For Love of the Game

| July 09, 2005

Building a thing of beauty out of even a plain-Jane rig is easier today than ever before, veterans say. “You can order more stuff straight from the dealer than when I first started to show,” Holsomback says. Even custom touches, such as lengthened frames or stainless fenders, are easier to come by. “There were only four people in the country when we started,” says Karen Zander, who has been participating in truck beauty shows with her husband, Harvey, for eight years.

And while building a show truck may not be as tough as it used to be, the hard work of cleaning and detailing hasn’t changed. To prepare for judging, Stephens and other successful contestants dress and letter their tires, color in their mudflaps to match their truck colors and lie underneath their trucks to touch up chipped paint. “You don’t just go out and spend 10 grand on chrome, run it through a truck wash and wonder why it doesn’t win,” Stephens told Overdrive after winning his third consecutive Best of Show title in Louisville, Ky., in 1998.

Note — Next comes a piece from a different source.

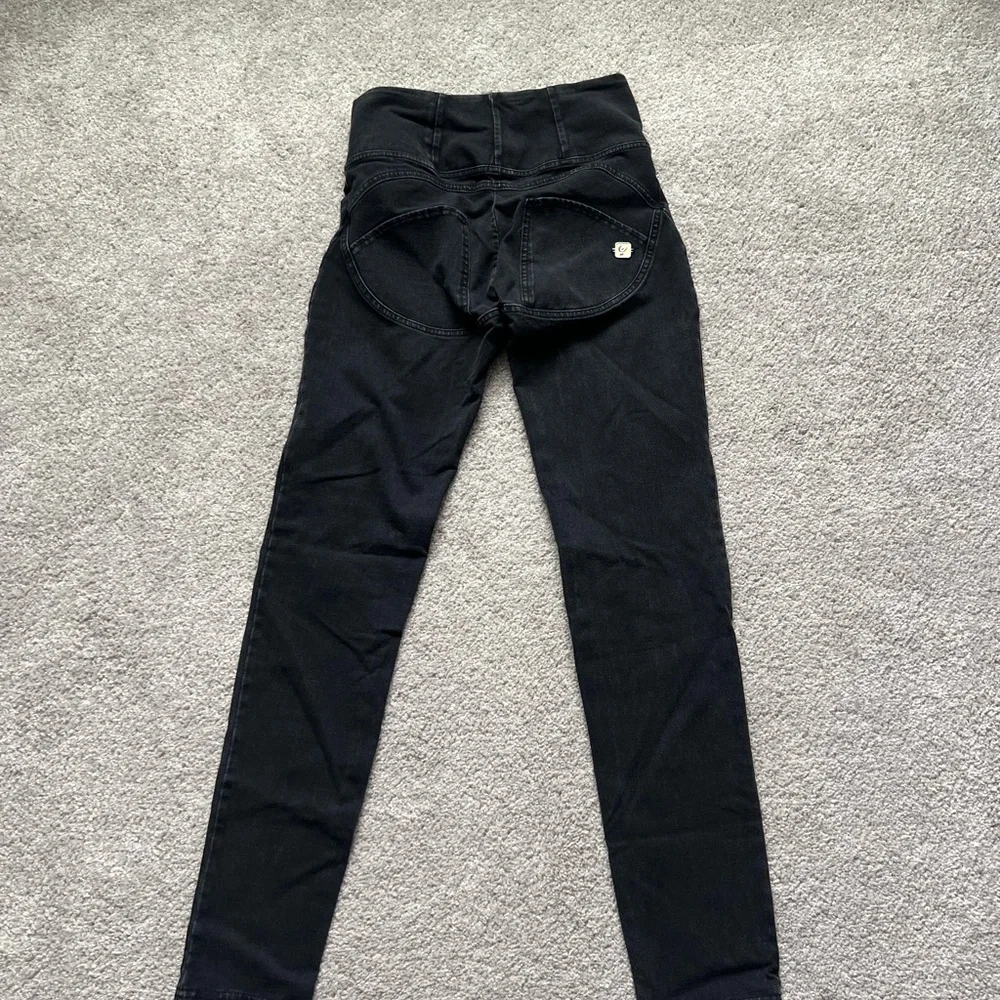 Freddy High Rise Black Jeans - Picture 2 of 4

Jeff England, a longtime Pride & Polish participant, agrees. To prepare for last year’s Pride & Polish in Dallas, he and four helpers hand-rubbed the entire trailer, “sides, underneath, every inch.” The extra effort paid off when his 2002 Peterbilt 379 extended hood took home Best of Show Combination, as well as several other trophies.

Truck show veterans who win – and keep winning – do so in part because they continually strive to differentiate themselves from the competition, Pike says. He tells of being at truck beauty shows and having another contestant pull in with a rig almost identical to his. “They copy what wins,” he says. “I can’t blame them. They want to do good.” Imitation may be the sincerest form of flattery, but it’s a big reason why Pike says he keeps making small changes to Ole Rag.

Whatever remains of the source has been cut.